Part of the work I was involved in on this project used FRET, describing the experience of translating the requirements into FRET’s input language (FRETISH) and how to combine this with other formal methods.

Papers

“A Methodology for Developing a Verifiable Aircraft Engine Controller from Formal Requirements”

This paper outlines our high-level methodology for using FRET and other formal methods together during the project.

The idea here was that FRET allows the user to translate requirements into contracts for Simulink diagrams or runtime monitors, and we wanted to be able to use other formalisms to model the requirements. I suppose this is another in a line of papers that I (and Marie Farrell) have written that has an integrated flavour (in the sense of the integrated Formal Methods conference).

“FRETting about Requirements: Formalised Requirements for an Aircraft Engine Controller”

This paper was a detailed experience report of using FRET to capture the controller’s requirements, describing the requirement set, approach, and our interactions with the industrial partner. We had strayed into Requirements Engineering properly with this paper, and followed the authors of FRET in publishing at Requirements Engineering: Foundation for Software Quality (REFSQ 2022).

As I talked about before, REFSQ was my first in-person conference after The Event and they were a very friendly community. The paper was well received, and there is some crossover with the Formal Methods community, which was helpful.

This paper is partly exposing the research collaboration, and partly publishing the requirements set for our Use Case. We were also quite pleased that it was (as far as we knew) the first publication about FRET that wasn’t written by the FRET team.

In FRETISH Style

While writing up both of these papers, I made a simple LaTeX style file for typesetting the colour-coding used by FRET. It’s been really useful during the project. If you would like to use or contribute to the style file, then you can find fretish.sty here: https://github.com/valu3s-mu/fret-utils/blob/master/fretish.sty

FRET Refactoring

While working on the REFSQ paper (https://link.springer.com/chapter/10.1007/978-3-030-98464-9_9) we found that there was a lot of repetition in the requirements. As we were developing the requriements, we were drafting up a version and then having a meeting with the industrial partner to check that our translation matched their intention. This, inevitably, meant that we had to update things as we found mistakes that we had made. The problem was that because the same behaviour was copied into multiple requirements, we had to do a lot of updates for just one change.
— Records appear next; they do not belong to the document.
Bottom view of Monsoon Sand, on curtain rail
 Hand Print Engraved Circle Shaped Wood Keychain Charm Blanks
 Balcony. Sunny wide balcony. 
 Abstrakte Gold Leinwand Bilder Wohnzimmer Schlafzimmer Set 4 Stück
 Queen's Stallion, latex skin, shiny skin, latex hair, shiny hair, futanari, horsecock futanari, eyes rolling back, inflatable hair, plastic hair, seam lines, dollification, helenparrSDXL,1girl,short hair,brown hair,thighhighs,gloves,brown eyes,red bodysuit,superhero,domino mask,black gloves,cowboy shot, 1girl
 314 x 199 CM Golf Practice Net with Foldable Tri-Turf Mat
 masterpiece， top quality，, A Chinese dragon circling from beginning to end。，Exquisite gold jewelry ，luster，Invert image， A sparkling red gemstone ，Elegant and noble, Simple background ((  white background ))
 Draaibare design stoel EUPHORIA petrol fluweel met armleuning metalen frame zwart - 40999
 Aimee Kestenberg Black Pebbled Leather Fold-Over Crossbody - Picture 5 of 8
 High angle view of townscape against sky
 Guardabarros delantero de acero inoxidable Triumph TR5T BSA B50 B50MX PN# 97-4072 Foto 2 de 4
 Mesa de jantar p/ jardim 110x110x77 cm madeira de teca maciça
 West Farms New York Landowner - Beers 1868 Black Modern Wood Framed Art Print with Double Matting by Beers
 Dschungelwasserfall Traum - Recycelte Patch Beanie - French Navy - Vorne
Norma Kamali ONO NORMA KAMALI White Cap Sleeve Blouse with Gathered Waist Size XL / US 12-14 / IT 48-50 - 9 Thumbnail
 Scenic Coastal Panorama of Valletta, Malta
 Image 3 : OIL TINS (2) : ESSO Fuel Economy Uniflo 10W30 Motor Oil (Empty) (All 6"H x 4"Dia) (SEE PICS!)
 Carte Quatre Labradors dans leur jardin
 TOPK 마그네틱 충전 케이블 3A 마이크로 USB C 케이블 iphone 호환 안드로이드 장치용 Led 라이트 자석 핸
This reminded me of the Software Engineering process of refactoring, which I had first heard about during a module I took during the final year of my undergraduate degree. (As an aside, I was quite pleased about this because my undergraduate degree was not very ‘academic’ and had assumed that everyone would graduate and go work in tech companies or be a programmer.)

Essentially, the point of refactoring software is to improve its internal structure while leaving its external behaviour unchanged. With software, you might use the Extract Method refactoring to extract repeated bits of code into a reusable method – defining the behaviour in one location. Since FRET only has requirements, I set about performing a manual refactoring on the requirements, which I called Extract Requirement. Reassuringly, I also found an existing approach that applied this to text requirements in the literature, this meant it wasn’t an entirely crazy idea. I wrote a slightly mess technical note describing the manual refactoring steps, which you can find here.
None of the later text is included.